- **Material for this task**
——

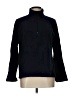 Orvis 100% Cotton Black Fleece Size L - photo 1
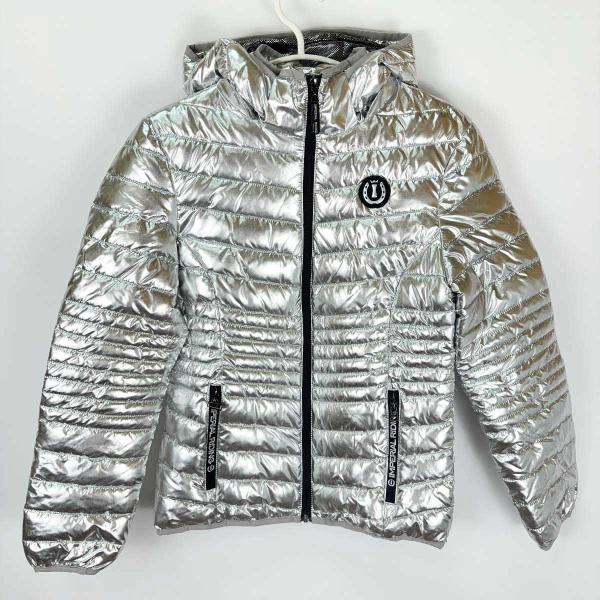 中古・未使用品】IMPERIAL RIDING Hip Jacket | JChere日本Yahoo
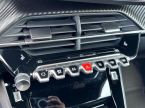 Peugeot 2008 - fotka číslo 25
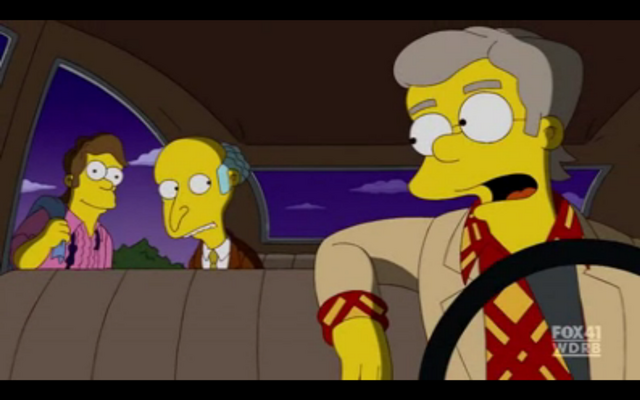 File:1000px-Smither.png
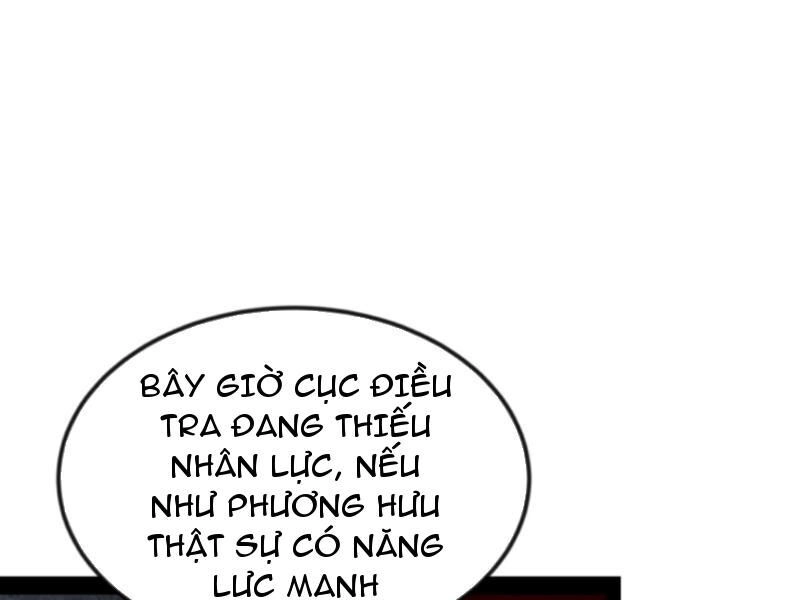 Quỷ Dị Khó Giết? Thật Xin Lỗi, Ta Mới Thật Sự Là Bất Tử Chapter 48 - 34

——

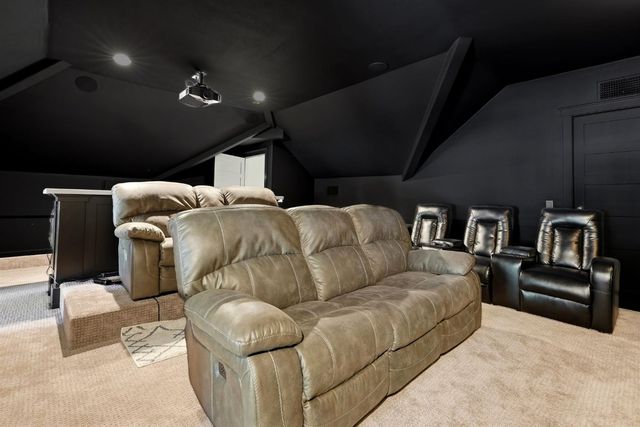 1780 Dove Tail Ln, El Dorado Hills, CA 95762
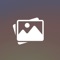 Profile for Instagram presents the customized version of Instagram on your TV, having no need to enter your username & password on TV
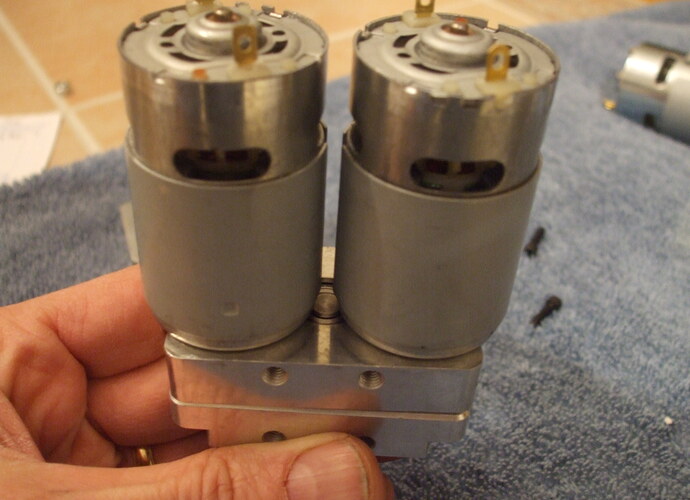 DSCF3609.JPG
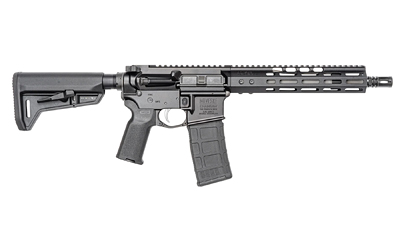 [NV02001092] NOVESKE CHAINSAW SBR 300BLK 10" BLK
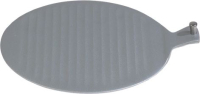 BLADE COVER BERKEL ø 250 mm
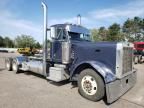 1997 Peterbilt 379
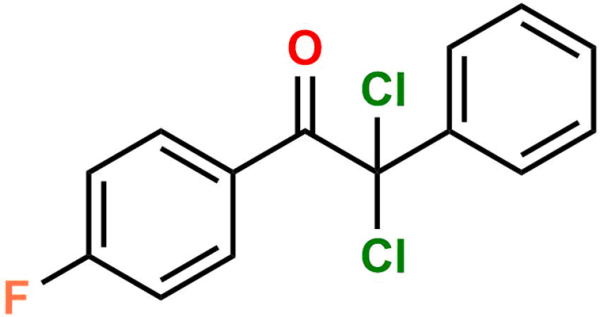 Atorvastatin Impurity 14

——

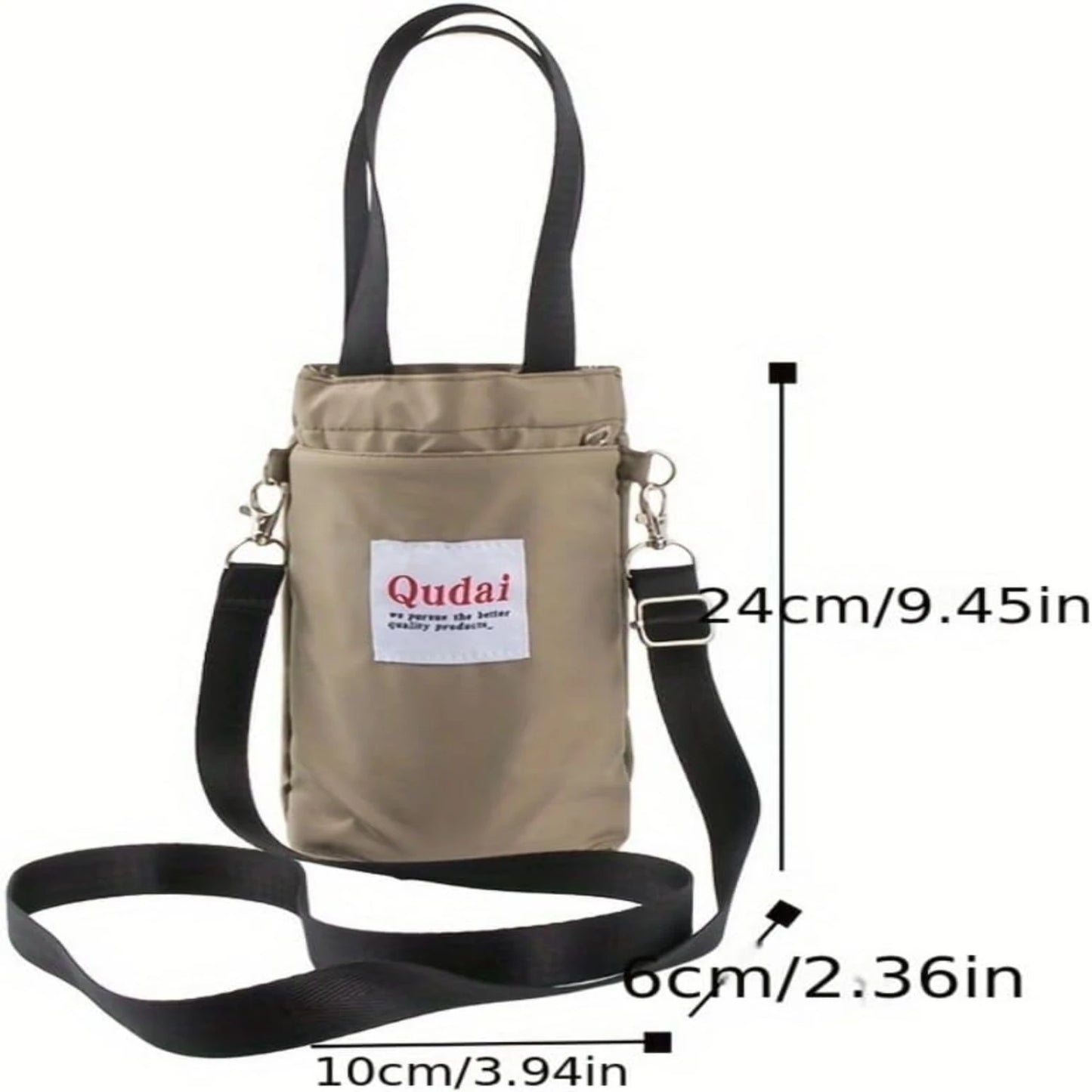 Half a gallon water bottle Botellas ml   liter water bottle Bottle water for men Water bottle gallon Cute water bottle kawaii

——

- **Work order**
Taking the entries above, copy word for word the lines from the one with "File:1000px-Smither.png" up to and including the one with "Quỷ Dị Khó Giết?", without any picture.

- **The answer**
 File:1000px-Smither.png
 Quỷ Dị Khó Giết? Thật Xin Lỗi, Ta Mới Thật Sự Là Bất Tử Chapter 48 - 34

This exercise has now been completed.